» Task requirements
Beginning with the opening line of the entries, return every line through the one containing "closeup of lava", both included, and nothing else. Omit pictures.

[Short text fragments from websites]
══════════════════════════════

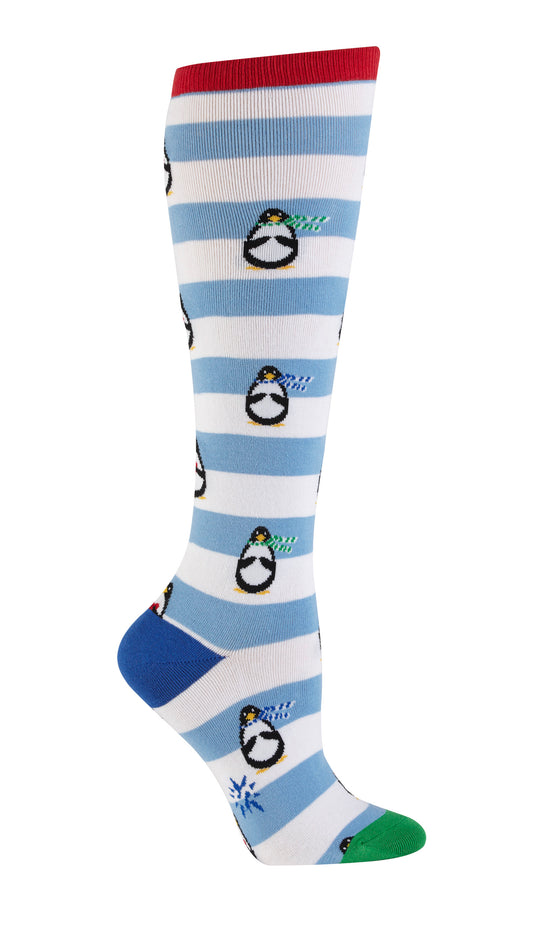 Sock It To Me Women's Knee High Socks - Penguin Stripe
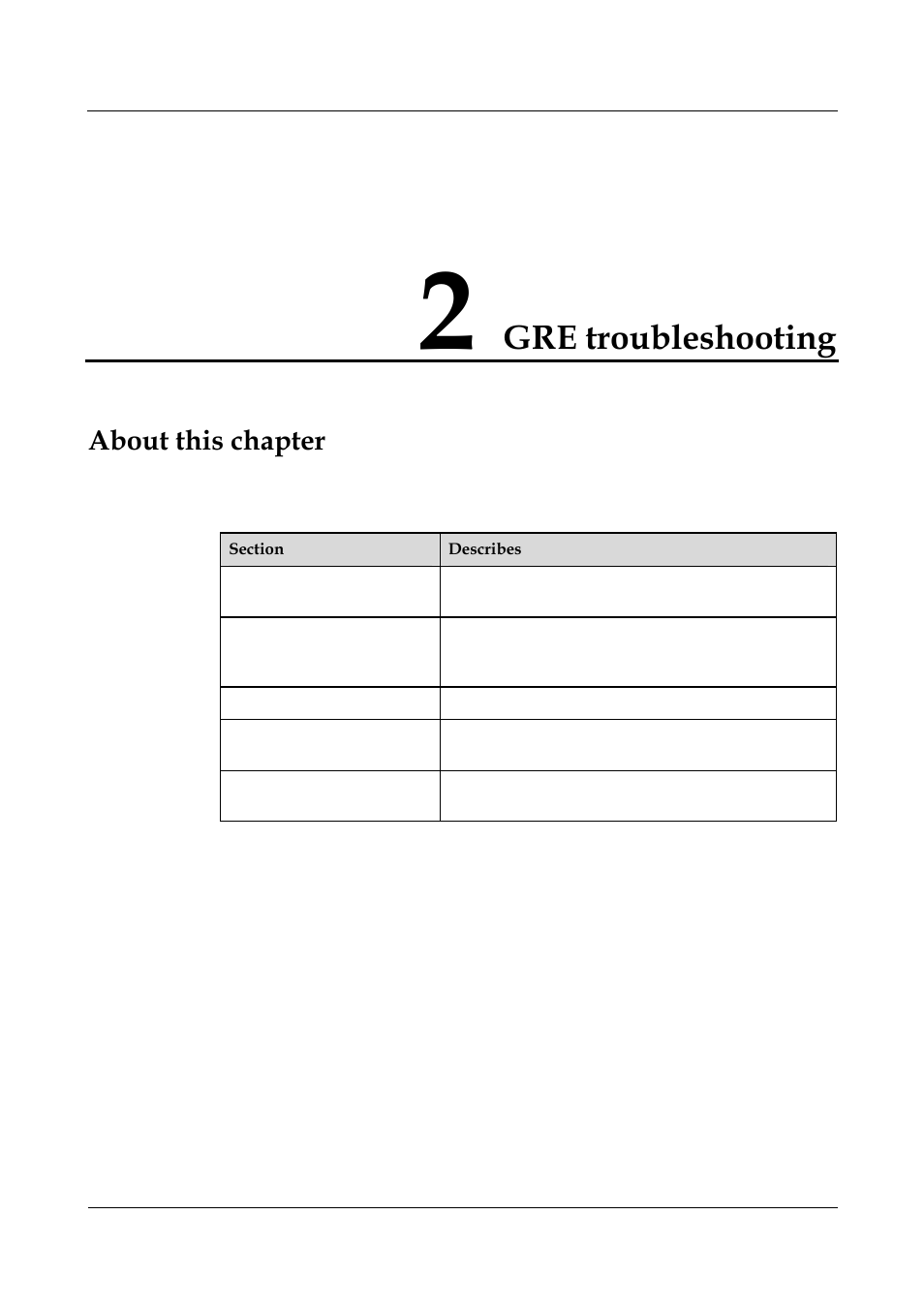 Gre troubleshooting, About this chapter, 2 gre troubleshooting -1 | Panasonic NN46240-710 User Manual | Page 55 / 181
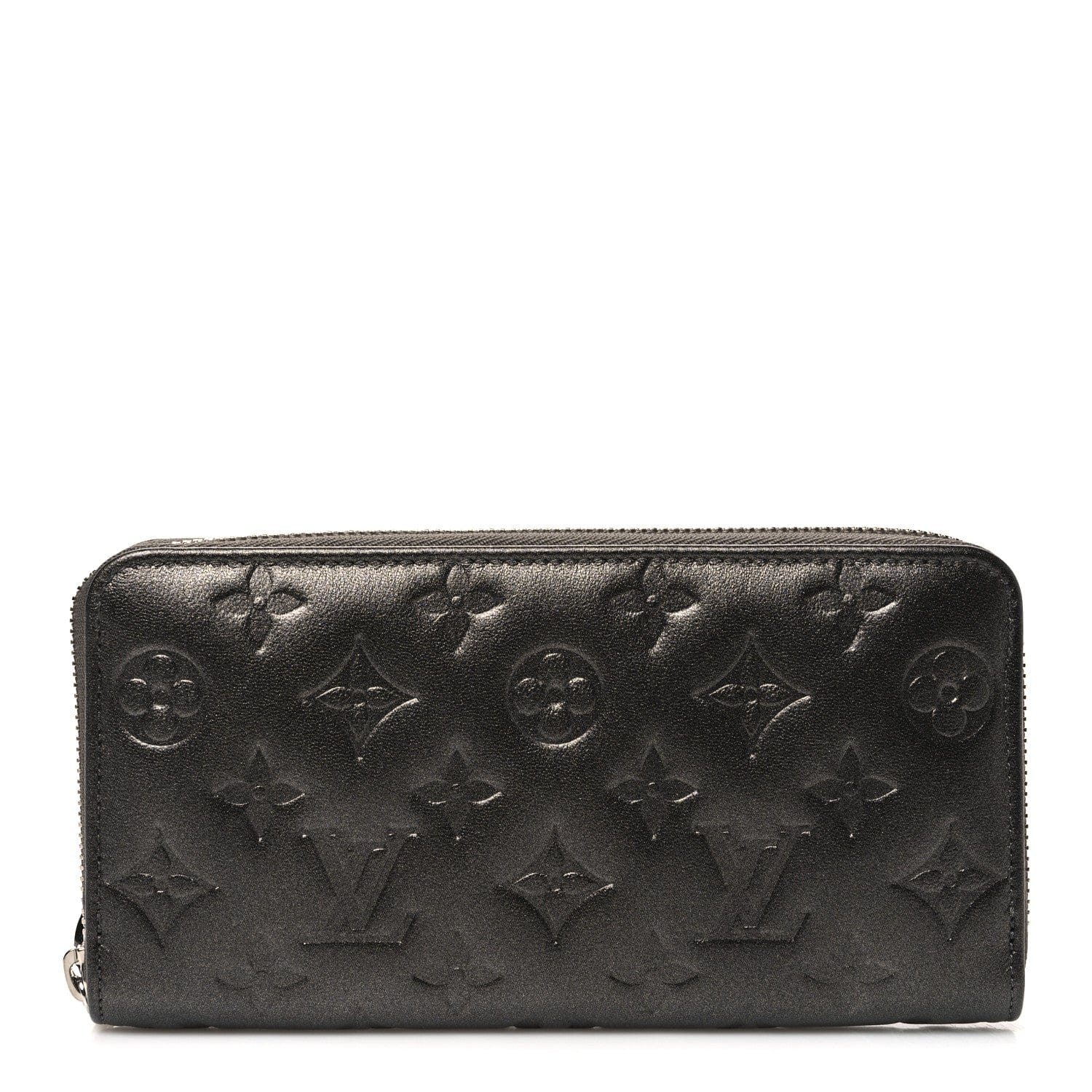 Louis Vuitton Lambskin Embossed Monogram Coussin Zippy Wallet Anthracite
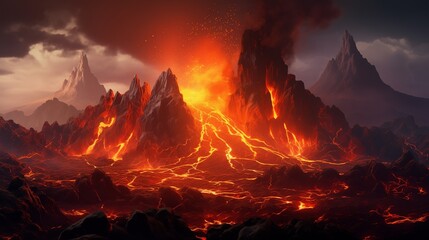 closeup of lava emerging from a mountain top.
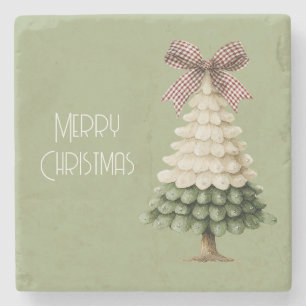 Cream Green Christmas Tree Red Bow Stone Coaster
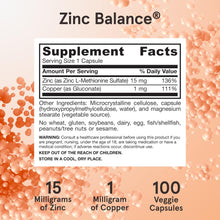 Load image into Gallery viewer, Jarrow Formulas Vegan Zinc Balance 100 Veggie Capsules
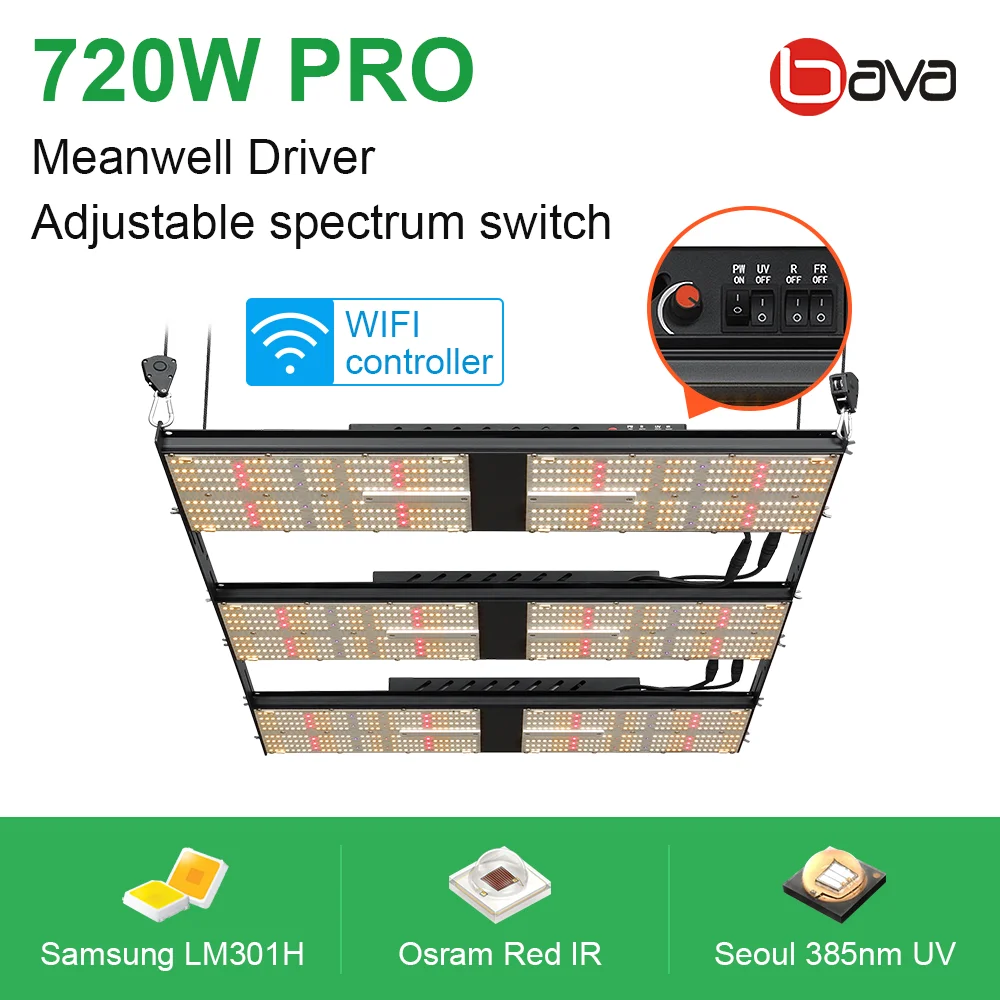 Легкие фитолампы Samsung LM301H Oslon с 4 переключателями 720 Вт 550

══════════════════════════════

» Answer area
 Sock It To Me Women's Knee High Socks - Penguin Stripe
 Gre troubleshooting, About this chapter, 2 gre troubleshooting -1 | Panasonic NN46240-710 User Manual | Page 55 / 181
 Louis Vuitton Lambskin Embossed Monogram Coussin Zippy Wallet Anthracite
 closeup of lava emerging from a mountain top.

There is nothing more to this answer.